Farro e Pepe

Farro e Pepe

While cacio e pepe, the classic Roman dish, is simple — made with only pasta and its cooking water; cacio, or Pecorino Romano; and abundant freshly ground black pepper — it’s not always easy to make. The trick to getting a thick, creamy sauce lies in combining the cheese and pepper with starchy pasta water in just the right way; this usually requires a lot of erratic stirring and sweat. This version bucks tradition in favor of simplicity and, well, farro. The technique for the cheese paste comes from Flavio de Maio, a master of cucina Romana and producer of one of Rome’s most beloved bowls of cacio e pepe. Simply blend grated cheese and a little cold water with freshly ground pepper until they come together into a creamy paste. Then toss a spoonful or two into just-cooked farro and watch it melt like butter to coat the grains in a layer of salt, pepper, richness and tang. The farro’s chewy, satisfying texture is a perfect foil for the creaminess of the sauce. Keep the leftover paste in the fridge — stir a spoonful into grits, toss it with boiled green beans and, of course, use it for a bowl of cacio e pepe.
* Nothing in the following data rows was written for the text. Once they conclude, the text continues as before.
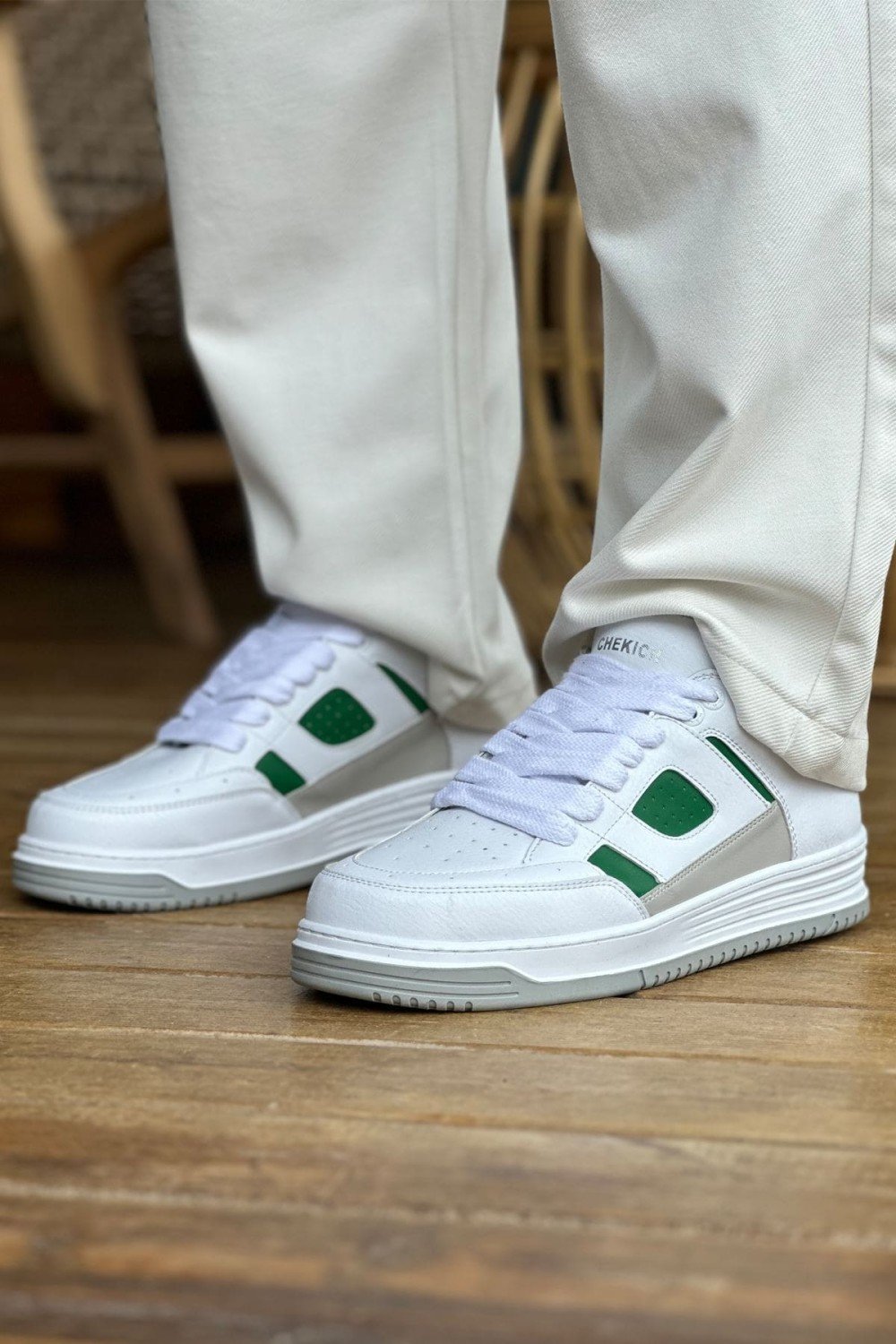 CH2410 Avax Erkek Günlük Bağcıklı Cilt Spor Sneaker Ayakkabı CBT - Beyaz/Yeşil Erkek Ayakkabı CH2410 Avax Erkek Günlük Bağcıklı Cilt Spor Sneaker Ayakkabı CBT - Beyaz/Yeşil – Chekich Erkek Ayakkabı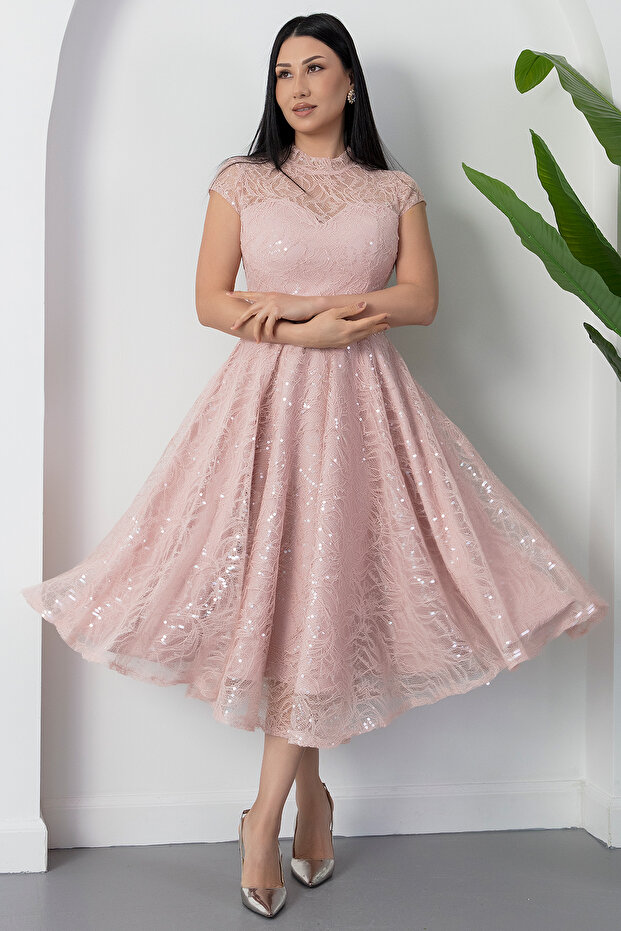 Bisiklet Yaka Gloplu Pul Payet Dantel Elbise BAL169 - 5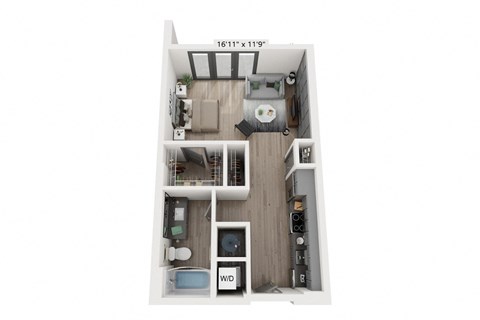 Studio 1 bathroom floor plan at WOODBURN EXCHANGE, Cincinnati, 45206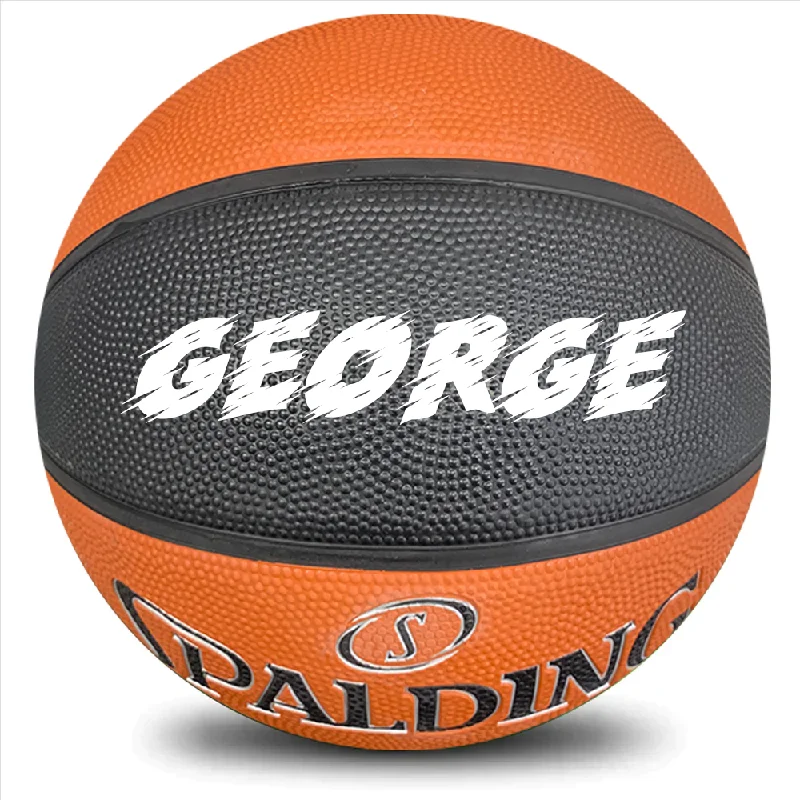 Personalised Spalding Rubber Basketball TF 150 - Black/Orange (Size 5, 6 & 7)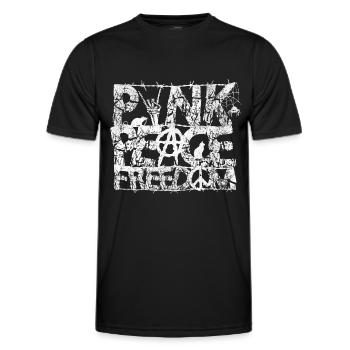 Punk Frieden Freiheit Distressed Grafik Typografie - Männer Funktions-T-Shirt - Schwarz - Vorne - AI Model Male 178 dark (178cm)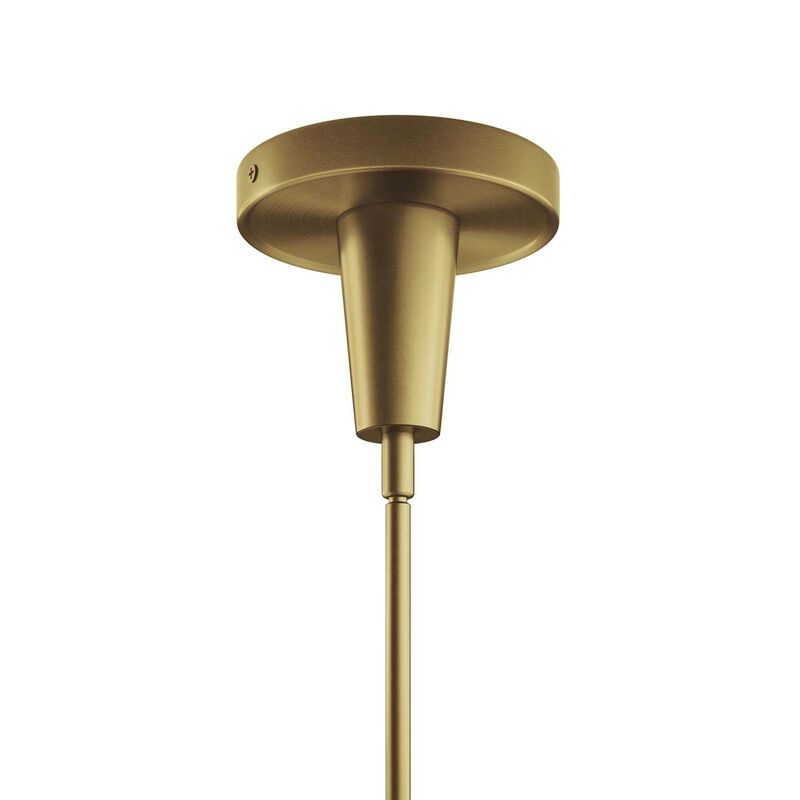 Modway Beacon 3-Light Pendant Light in Opal Satin Brass, Brown, 20.5 x 20.5 x 73 image number 5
Use the technique with other hard cheeses: Asiago, Parmesan and even clothbound Cheddar make for fantastic versions.
  • Total:
  • Serves: 4 persons



  1. Step 1

    Bring a large pot of water to a boil. Season generously with salt until the water is as salty as the sea. Add farro, and cook until al dente, about 15 to 18 minutes. Set a colander in the sink.
  2. Step 2

    In the meantime, place pecorino and pepper in a medium bowl, and add ¼ cup cold water. Use an immersion blender to combine into a thick, smooth paste. Add more cold water if needed, one tablespoon at a time, to encourage blending. If you don’t have an immersion blender, use a food processor for this step.
  3. Step 3

    When the farro is cooked, reserve 1 1/2 cups cooking water; transfer farro to colander to drain, then return to pot. Add 3/4 cup pecorino paste and 1/2 cup reserved cooking water, and stir vigorously with a wooden spoon until cheese melts and coats farro with a glossy sheen. Taste, and add cooking water and more pecorino paste to taste until farro is the consistency of a loose risotto. If farro is properly seasoned but too thick, add warm tap water instead of salted cooking water to loosen.
  4. Step 4

    Serve immediately, garnished with more pepper. Cover and refrigerate any remaining pecorino paste for up to 1 week. Use on pasta, farro or rice, or spread on toast.